Selon cet outil, passer une heure dans un magasin de 250 m2 — supposé avoir une capacité d’accueil de 50 personnes maximum et un système de ventilation similaire à celui que l’on trouve dans les bureaux — en supposant que personne ne porte de masque et que cinq personnes soient infectées, représente pour les personnes non malades un risque estimé à 8% d’être à leur tour infectées par le coronavirus. Si la ventilation est améliorée de manière à ce que l’air soit renouvelé cinq fois par heure (au lieu de trois fois), le risque est atténué de 2%.
Plus globalement, l’aérosol en suspension émis par une personne parlant en continu pendant 1 heure dans une pièce mal ventilée, considérant des charges virales initiales de 108 et 1010 copies/mL, représente un risque d’infection de 0,1 et 11% respectivement. Via une meilleure ventilation (dix renouvellements d’air par heure), les risques tombent respectivement à 0,03 et 3%.
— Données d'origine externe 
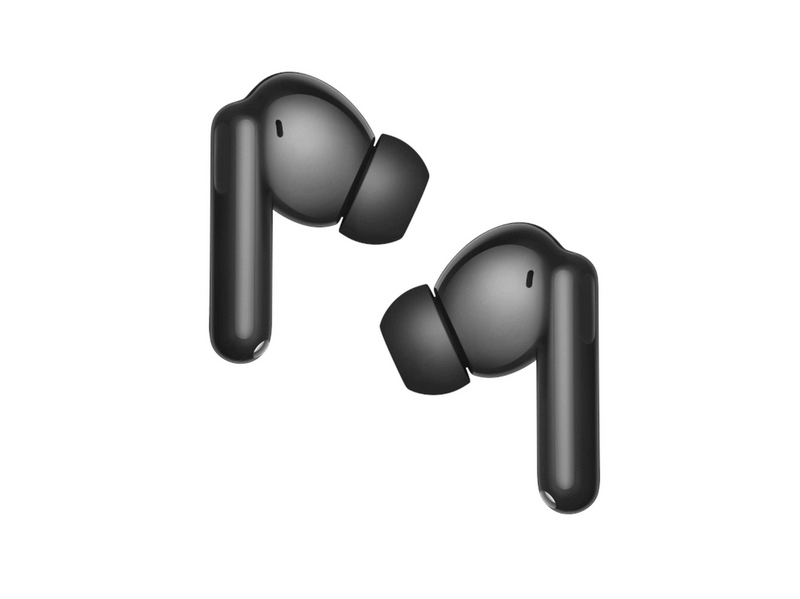 Huawei Freebuds SE4 - Black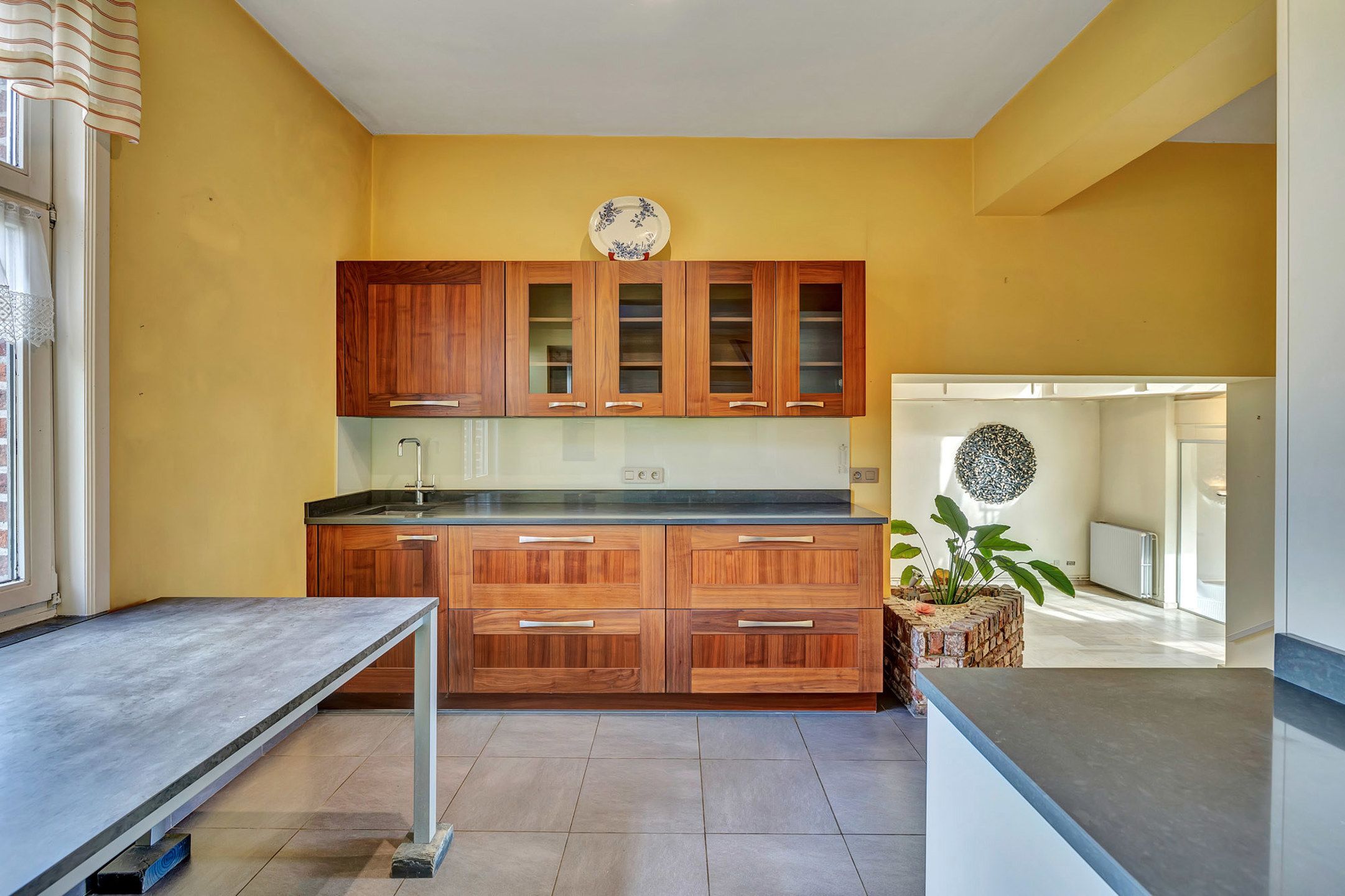 Fantastisch gerenoveerde hoeve met binnenzwembad foto 15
Les scientifiques soulignent qu’il ne s’agit que d’estimations théoriques et qu’elles ne tiennent notamment pas compte de la transmissibilité a priori plus élevée du variant britannique. En outre, elles reposent sur une valeur de charge virale relativement élevée, qui pourtant, varie selon les individus et aussi au cours de l’évolution de l’infection. Mais cette application a été conçue pour apporter aux utilisateurs des conseils leur permettant de rester en sécurité selon les circonstances ; elle peut ainsi être considérée comme une aide à la prise de décision. « L’idée [est] de l’utiliser pour voir comment les stratégies d’atténuation ont un impact sur le risque d’infection », explique De Oliveira.